**Exercise inputs**
•••

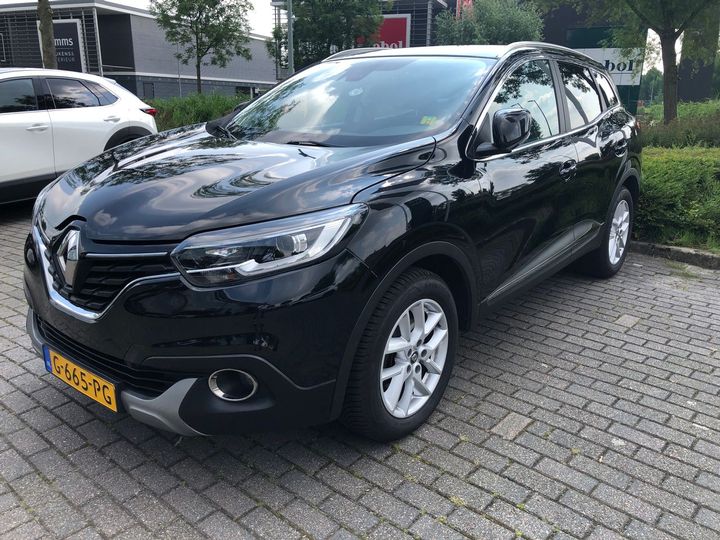 RENAULT KADJAR 2017 vf1rfe00157671399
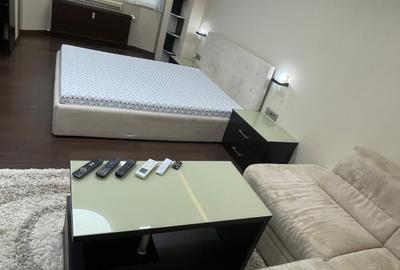 Fully furnished studio, 42 sqm | Parking | Mall Vitan - 4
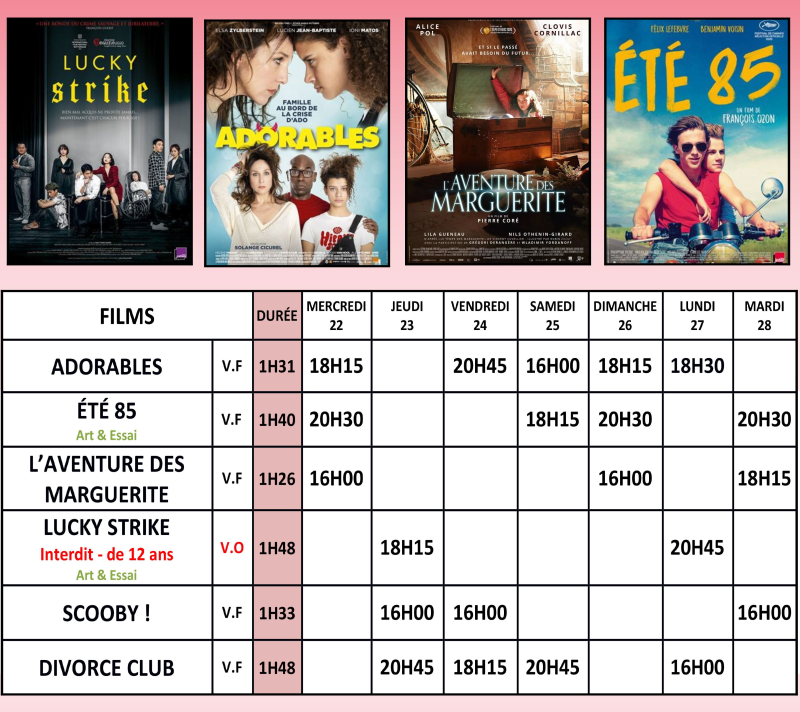 Affiche a3 SAINT QUAY blog - Copie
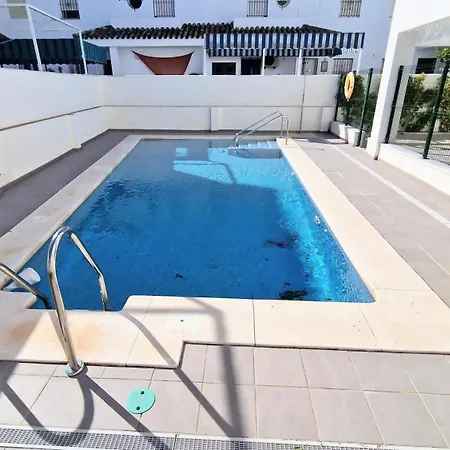 Boutelou Playa Con Vistas Al Mar Apartment *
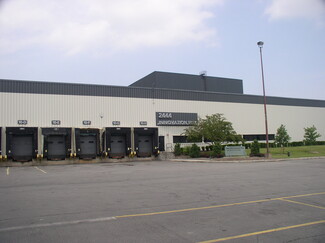 More details for 2436-2444 Innovation Way, Rochester, NY - Industrial for Lease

•••

**Work required**
Return each line from the material above exactly, but not the pictures.

**Solution**
 RENAULT KADJAR 2017 vf1rfe00157671399
 Fully furnished studio, 42 sqm | Parking | Mall Vitan - 4
 Affiche a3 SAINT QUAY blog - Copie
 Boutelou Playa Con Vistas Al Mar Apartment *
 More details for 2436-2444 Innovation Way, Rochester, NY - Industrial for Lease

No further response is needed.